Volvimos a su apartamento y puso un álbum de solos de piano de Cedar Walton que nos gustaba a ambos y nos sentamos juntos en el sofá sin hablar apenas. Cuando el disco terminó, le dio la vuelta y, hacia la mitad, nos fuimos a la cama e hicimos el amor con una curiosa intensidad. Después, ninguno de los dos habló por largo rato hasta que ella sugirió:

– Te voy a decir algo, hombre. Si seguimos así, uno de estos días vamos a ser muy buenos.

– ¿Te parece?

– No me sorprendería. Matt, quédate a pasar la noche.

La besé.

– Lo estaba planeando.

– ¡Uhm! Buen plan. No quiero estar sola.

Yo tampoco quería estar solo.

4

Me quedé a desayunar y, cuando llegué a Atlantic Avenue, eran casi las once. Pasé cinco horas allí, la mayor parte en la calle y en las tiendas, pero también en una biblioteca y al teléfono. Poco después de las cuatro, caminé un par de manzanas y cogí un autobús para Bay Ridge.

La última vez que lo vi estaba desgreñado y sin afeitar, pero ahora a Kenan Khoury se le veía fresco y atildado, vestido con pantalones de gabardina gris y una camisa de colores apagados. Lo seguí a la cocina y me dijo que su hermano había ido a trabajar a Manhattan esa mañana.

– Petey dijo que se quedaría aquí, que no le importaba el trabajo, pero ¿cuántas veces vamos a tener la misma conversación? Le hice llevar el Toyota para que lo tenga para ir y venir. ¿Qué tal tú, Matt? ¿Tienes algo concreto?

– Dos hombres, aproximadamente de mi estatura, secuestraron a tu esposa en plena calle, frente a El gourmet árabe, y la metieron en una furgoneta de reparto azul oscuro. Otra furgoneta similar, probablemente la misma, la estaba siguiendo cuando salió de D'Agostino. La furgoneta tenía una inscripción en los costados, letras blancas, según un testigo: «Ventas y servicio TV», con el nombre de la compañía con iniciales indeterminadas. «B & L», «H & M», distintas personas vieron cosas distintas.
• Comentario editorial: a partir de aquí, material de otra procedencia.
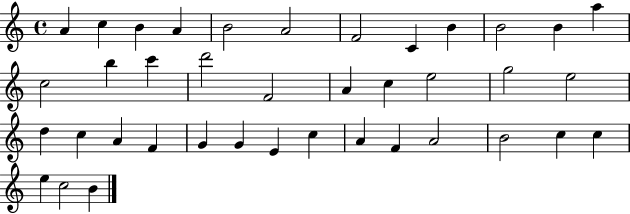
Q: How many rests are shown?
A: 0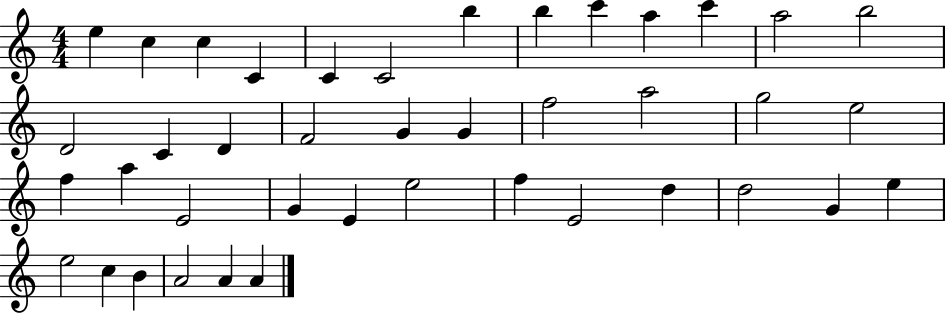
E5/q C5/q C5/q C4/q C4/q C4/h B5/q B5/q C6/q A5/q C6/q A5/h B5/h D4/h C4/q D4/q F4/h G4/q G4/q F5/h A5/h G5/h E5/h F5/q A5/q E4/h G4/q E4/q E5/h F5/q E4/h D5/q D5/h G4/q E5/q E5/h C5/q B4/q A4/h A4/q A4/q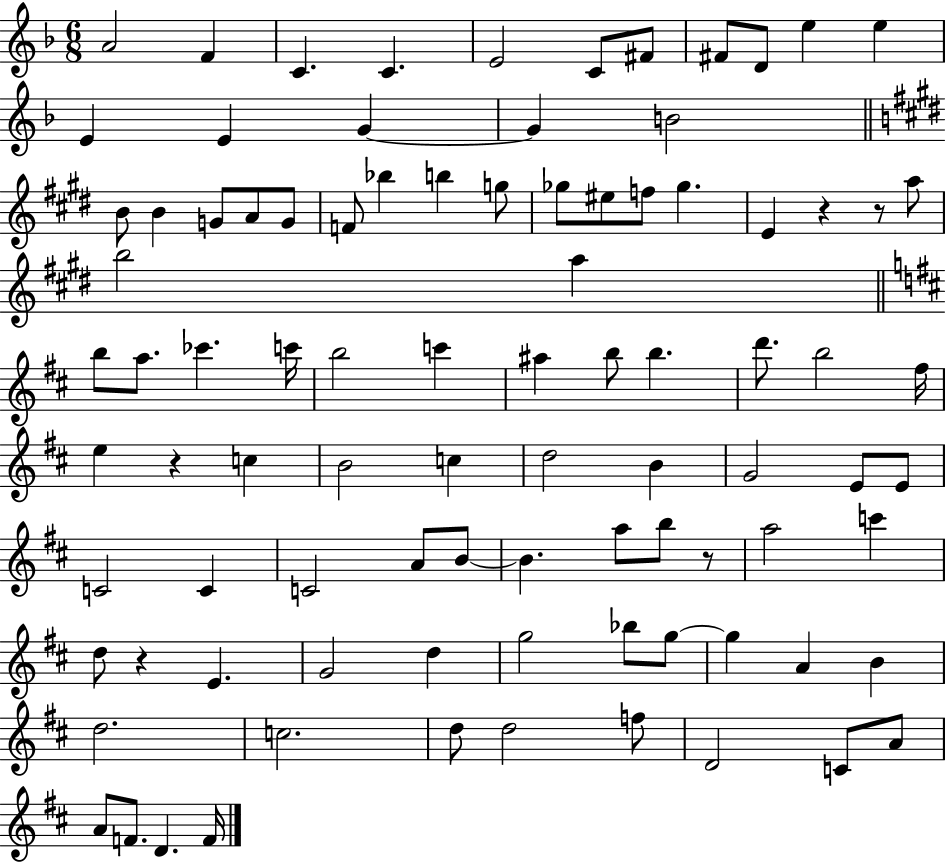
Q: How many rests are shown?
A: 5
Dos personas recordaban una dirección en Queens, y una lo recordaba específicamente como Long Island City.

– ¿Existe esa empresa?

– La descripción es lo suficientemente vaga para que haya una docena o más de firmas que coincidan. Un par de iniciales, reparación de televisores, una dirección en Queens. Llamé a seis u ocho empresas y no pude dar con ninguna que tenga furgonetas azul oscuro o que le hubieran robado un vehículo recientemente. Tampoco lo esperaba.

– ¿Por qué no?

– No creo que la furgoneta fuese robada. Lo que supongo es que el jueves por la mañana vigilaron tu casa a la espera de que tu esposa saliera sola. Cuando lo hizo, la siguieron. Probablemente no era la primera vez que la seguían; esperaban la oportunidad de hacer su juego. No iban a robar una furgoneta cada vez y dar vueltas todo el día, expuestos a que apareciera en cualquier momento en la lista de coches robados.